The UK and the EU have agreed to hit Russia with a raft of new economic sanctions[1] after hopes of a ceasefire with Ukraine came to nothing. One French minister commented that it is time to “suffocate” the Russian economy[2].

Since the country’s fullscale invasion of Ukraine in 2022, that economy has certainly suffered[3]. Sanctions on Russia have already led to a depreciation of the rouble, high inflation, very high interest rates and a stagnating economy[4].

But it remains unclear what effect any new measures will have. And Vladimir Putin has a history of riding out economic hardship.

When he became president of Russia just over 25 years ago[5], the country’s economy was in dire straits. Attempts by his predecessors Mikhail Gorbachev and Boris Yeltsin to build a more open and capitalist system had not worked well[6] for most Russian citizens.

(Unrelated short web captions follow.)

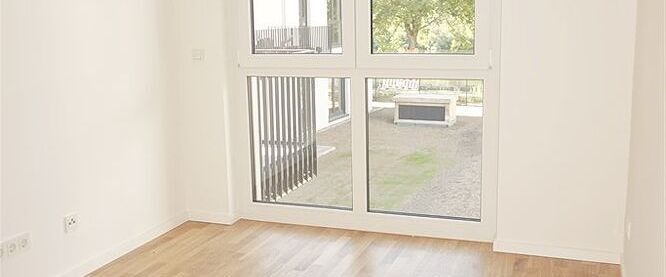 Exklusive 3 Zimmer Wohnung mit Einbauküche und Balkon in direkter Mosellage ! - Foto 1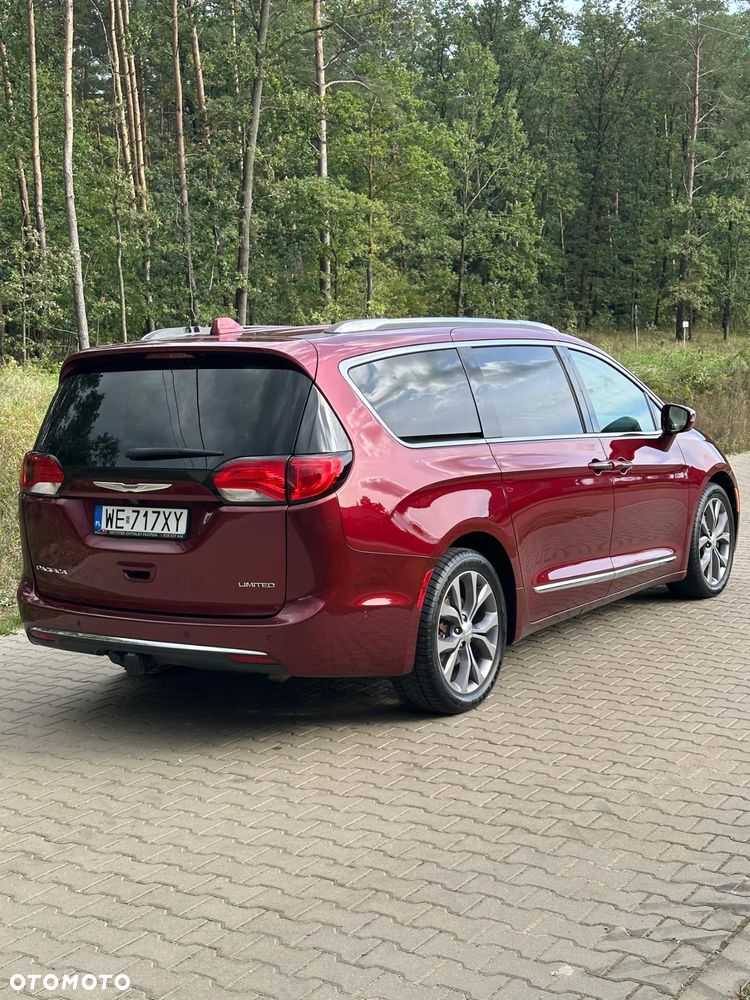 Chrysler Pacifica - 2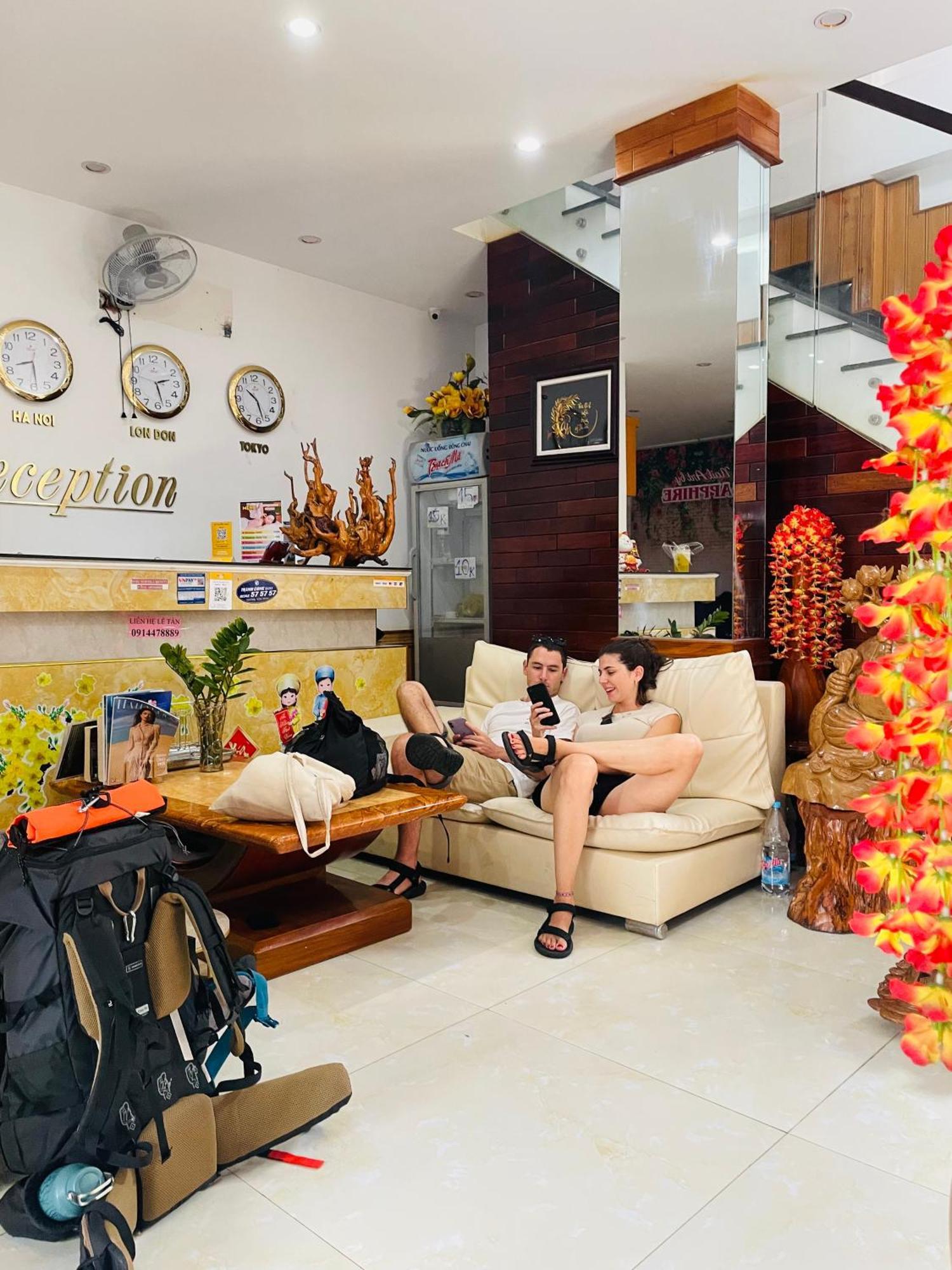 Sapphire Hotel Hue Exterior photo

Ukrainian president, Volodymyr Zelensky, meeting with US president Donald Trump, and vice-president, J.D. Vance, in the Oval offices. Trump and Vance are gesturaing at Zelensky.
Confrontation: Ukraine’s president, Volodymyr Zelensky, meets the US president, Donald Trump, and vice-president, J.D. Vance, in February 2025. EPA-EFE/Jim lo Scalzo/pool

Instead, a rapid wave of privatisations[7], which reformers hoped[8] would build strong institutions, had mostly benefited a small group of oligarchs who exploited a weak and corrupt state to seize key oil, gas and mineral assets.

Those oligarchs resisted[9] legal reform, moved wealth abroad, failed to invest in the domestic economy, and gradually gained control of major corporations and media, expanding their political influence. By 1995, nearly half of Russians were living in poverty[10].

The 1998 crisis[11] worsened the situation, as a global recession and falling commodity prices led to fiscal imbalances and doubts about Russia’s ability to service its debt and uphold the fixed exchange rate[12]. The central bank raised interest rates to 150% to try and stabilise the rouble, but this failed[13].

It eventually allowed the rouble to float, and the currency lost about two-thirds of its value. When he came to power in 2000, Putin was then confronted with the challenge of rebuilding the Russian economy.

Luckily for him, between 2000 and 2008, an oil and gas boom drove GDP growth, increasing incomes, and allowing for early repayment[14] of national debts. Putin – and national pride – received a boost.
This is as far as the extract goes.